What are some of the limitations or challenges with cognitive systems and how do you address them?
The primary limitations of these systems are that they require significant engineering efforts with deep expertise of the AI technologies involved, along with structured background knowledge about the domain tasks. Our research addresses these challenges by understanding the principles for the design-integrated intelligent systems and by developing new AI reasoning methods to capture experience in models and reuse them in new situations.
How are you applying cognitive systems to transportation and design?
In transportation, we developed new modeling and simulation techniques to estimate the amount of energy and time savings across Los Angeles, if we were able to send messages to 10% of the commuting population with a suggested alternative. The alternatives included switching modes, changing departure times, and even driving styles. By combining high-fidelity traffic simulations with data-driven user models, we estimated that a full deployment of our system, COPTER (Collaborative Optimization and Planning for Transportation Energy Reduction), could reduce energy consumption by 5% and congestion-induced delay by 20%.
In conceptual design, we have developed new methods for representing and reasoning over the space of all possible designs. Our graph structure captures the space of design topologies for a given number of components, and our qualitative reasoning techniques enable the analysis of sets of topologies. This allows us to search an order-of-magnitude larger space of designs than previously possible. Future design tools with this technology could assess designs that no human would dream of and, if that design is promising, provide it to the designer for consideration.
How do you envision cognitive systems impacting our world in the coming years?
I think ideas from cognitive systems that combine reasoning with learning will support new types of human-machine collaboration. This includes human-machine teams that perform a task by negotiating solutions to problems in a similar manner to traditional corporate teams. Ideas would be sketched out and promising directions would be flagged for further exploration. My vision is that eventually we will have modeling assistants that work with us and help us understand the context of our decisions.
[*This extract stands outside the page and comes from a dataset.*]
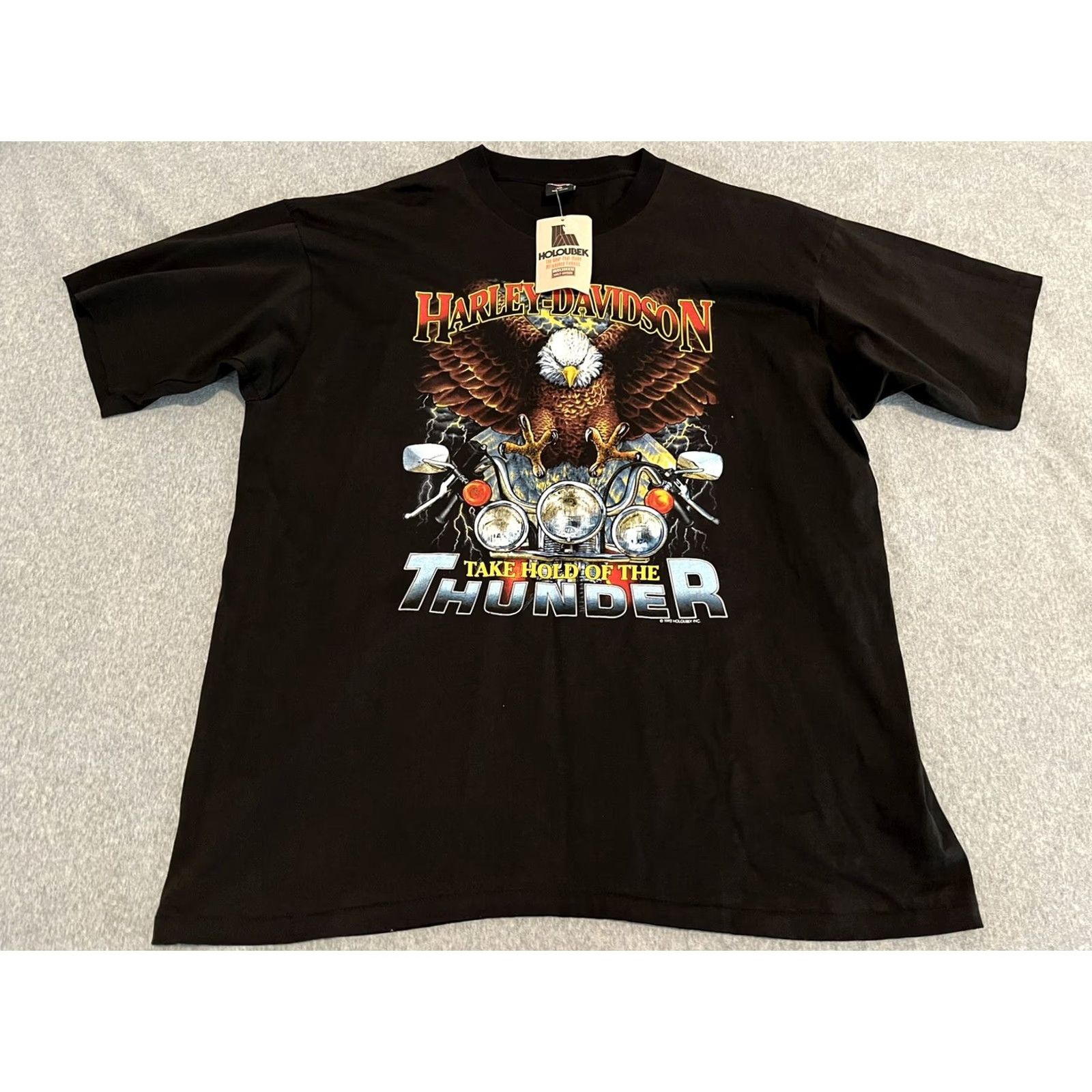 Harley Davidson VINTAGE Harley-Davidson Shirt Mens 2XL Black Cotton Short Sleeve Crew Neck Double-Sided 1992 Holoubek Take Hold Thunder NWT Size US XXL / EU 58 / 5 - 2 Thumbnail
What do you enjoy most about working at PARC?
I’m fascinated by the diversity of projects and people I have interacted with during my eight years at PARC. Due to PARC’s size, our strength is bringing together creative people from different fields to develop innovative solutions. I am constantly learning!
Furthermore, PARC straddles industry and academia in interesting ways. I publish in academic conferences and journals. At the same time, I’m able to speak at events and meet with executives across different industries to understand how we can best solve their problems.